Die gesellschaftliche Verantwortung
Es ist wichtig, das Tabu rund um psychische Erkrankungen zu brechen und ein offenes Gespräch zu fördern. Schulen, Universitäten und andere Bildungseinrichtungen sollten Aufklärungskampagnen durchführen und niedrigschwellige Angebote für Betroffene schaffen.
Dominique de Marné engagiert sich in Schulen, um über ihre Erfahrungen zu sprechen: "Gerade bei Schülern spürt man, wie nahe sie an den Themen dran sind. Man denkt immer, die wissen nichts von Selbstverletzung, Sucht oder Suizid. Aber das kommt in Liedern oder Serien vor, es gibt Promis, die von ihren Problemen erzählen. Nur die Erwachsenen wollen das nicht anerkennen."
Hilfsangebote
Es gibt zahlreiche Anlaufstellen für Menschen mit Depressionen und Suizidgedanken:
- Telefonseelsorge: 0800-1110111 oder 0800-1110222
 - Nummer gegen Kummer (für Kinder und Jugendliche): 116111
 - Krisendienste: In vielen Städten und Regionen gibt es Krisendienste, die rund um die Uhr erreichbar sind.
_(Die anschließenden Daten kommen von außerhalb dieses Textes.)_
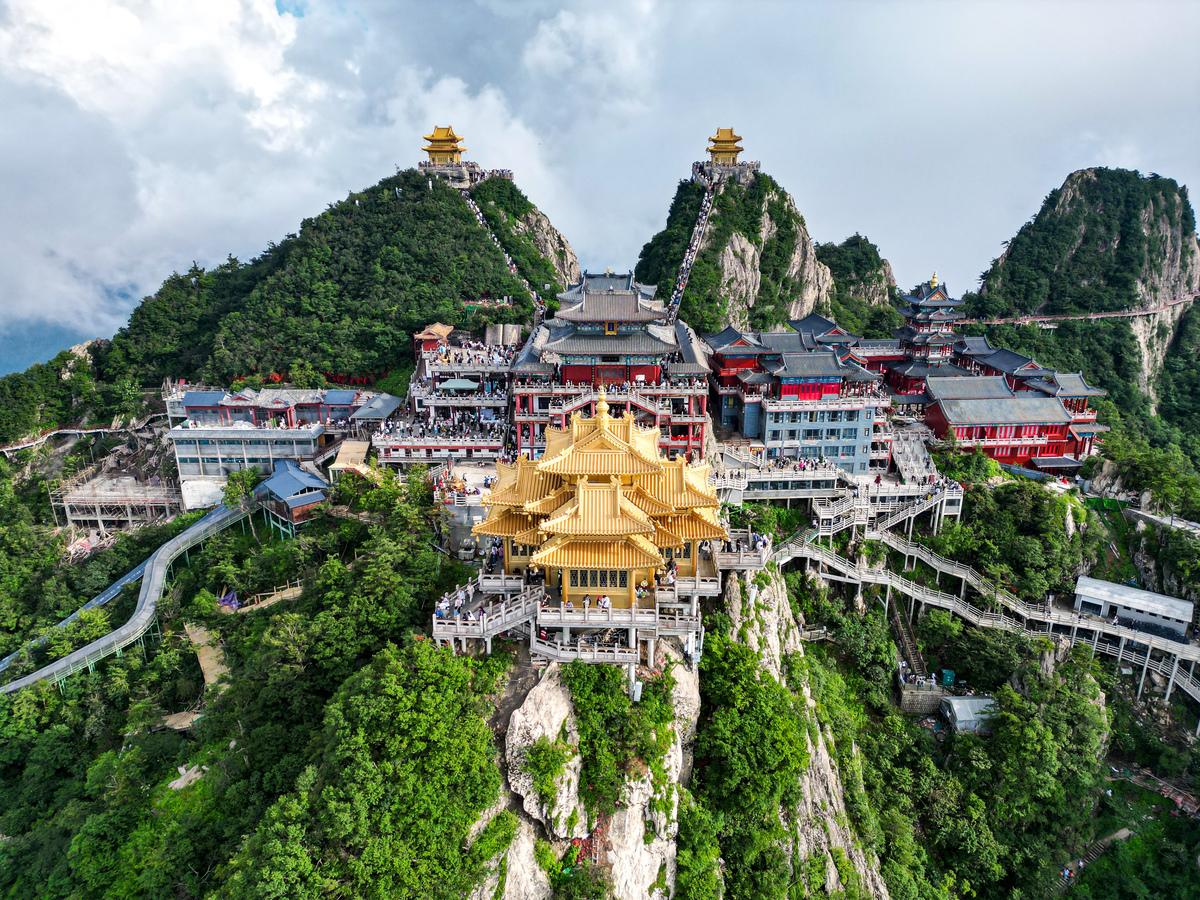 请给论文《洛阳市旅游业发展现状及对策研究》写一个旅游产品不足中的旅游景点缺乏的两千字说明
 - Psychotherapeuten: Eine Liste von Psychotherapeuten in der Nähe findet man bei der Kassenärztlichen Vereinigung oder der Psychotherapeutenkammer.
 
Die Telefonnummern 147 (Jugendliche) oder 143 (Erwachsene) bieten Tag und Nacht professionelle Hilfe für Menschen in Notlagen.